RFR: JDK-8293114: JVM should trim the native heap [v8]

Aleksey Shipilev shade at openjdk.org
Wed Jul 12 08:44:27 UTC 2023


On Mon, 10 Jul 2023 13:53:36 GMT, Thomas Stuefe <stuefe at openjdk.org> wrote:

>> This is a continuation of https://github.com/openjdk/jdk/pull/10085. I closed https://github.com/openjdk/jdk/pull/10085 because it had accumulated too much comment history and got confusing. For a history of this issue, see previous discussions [1] and the comment section of 10085.
>>  
>> ---------------
>> 
>> This RFE adds the option to trim the Glibc heap periodically. This can recover a significant memory footprint if the VM process suffers from high-but-rare malloc spikes. It does not matter who causes the spikes: the JDK or customer code running in the JVM process.
>> 
>> ### Background:
>> 
>> The Glibc is reluctant to return memory to the OS. Temporary malloc spikes often carry over as permanent RSS increase. Note that C-heap retention is difficult to observe. Since it is freed memory, it won't appear in NMT; it is just a part of RSS.
>> 
>> This is, effectively, caching - a performance tradeoff by the glibc. It makes a lot of sense with applications that cause high traffic on the C-heap.
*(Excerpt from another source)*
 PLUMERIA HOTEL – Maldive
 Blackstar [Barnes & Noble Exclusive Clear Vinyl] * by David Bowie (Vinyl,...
The JVM, however, clusters allocations and often rolls its own memory management based on virtual memory for many of its use cases.
>> 
>> To manually trim the C-heap, Glibc exposes `malloc_trim(3)`. With JDK 18 [2], we added a new jcmd command to *manually* trim the C-heap on Linux (`jcmd System.trim_native_heap`). We then observed customers running this command periodically to slim down process sizes of container-bound jvms. That is cumbersome, and the JVM can do this a lot better - among other things because it knows best when *not* to trim.
>> 
>> #### GLIBC internals
>> 
>> The following information I took from the glibc source code and experimenting.
>> 
>> ##### Why do we need to trim manually? Does the Glibc not trim on free?
>> 
>> Upon `free()`, glibc may return memory to the OS if:
>> - the returned block was mmap'ed
>> - the returned block was not added to tcache or to fastbins
>> - the returned block, possibly merged with its two immediate neighbors, had they been free, is larger than FASTBIN_CONSOLIDATION_THRESHOLD (64K) - in that case:
>>   a) for the main arena, glibc attempts to lower the brk()
>>   b) for mmap-ed heaps, glibc attempts to completely unmap or shrink the heap.
>> In both cases, (a) and (b), only the top portion of the heap is reclaimed. "Holes" in the middle of other in-use chunks are not reclaimed.
>> 
>> So: glibc *may* automatically reclaim memory. In normal configurations, with typical C-heap allocation granularity, it is unlikely.
>> 
>> To increase the ...
>
> Thomas Stuefe has updated the pull request with a new target base due to a merge or a rebase. The incremental webrev excludes the unrelated changes brought in by the merge/rebase. The pull request contains 32 additional commits since the last revision:
> 
>  - Make test spikes more pronounced
>  - Dont query procfs if logging is off
>  - rename logtag again
>  - When probing for safepoint end, use the smaller of (interval, 250ms)
>  - Remove TrimNativeHeap and expand TrimNativeHeapInterval
>  - Improve comments for non-supportive platforms
>  - Aleksey cosmetics
>  - suspend count return 16 bits
>  - Fix linker errors
>  - Merge branch 'master' into JDK-8293114-JVM-should-trim-the-native-heap
>  - ... and 22 more: https://git.openjdk.org/jdk/compare/417c1c87...15566761

Hopefully a final read. I think there are minor things left, see comments. Alternatively, apply this patch over your current PR, which contains fixes for my comments, and then some polishing: [trimnative-shipilev-1.patch](https://github.com/openjdk/jdk/files/12025768/trimnative-shipilev-1.patch)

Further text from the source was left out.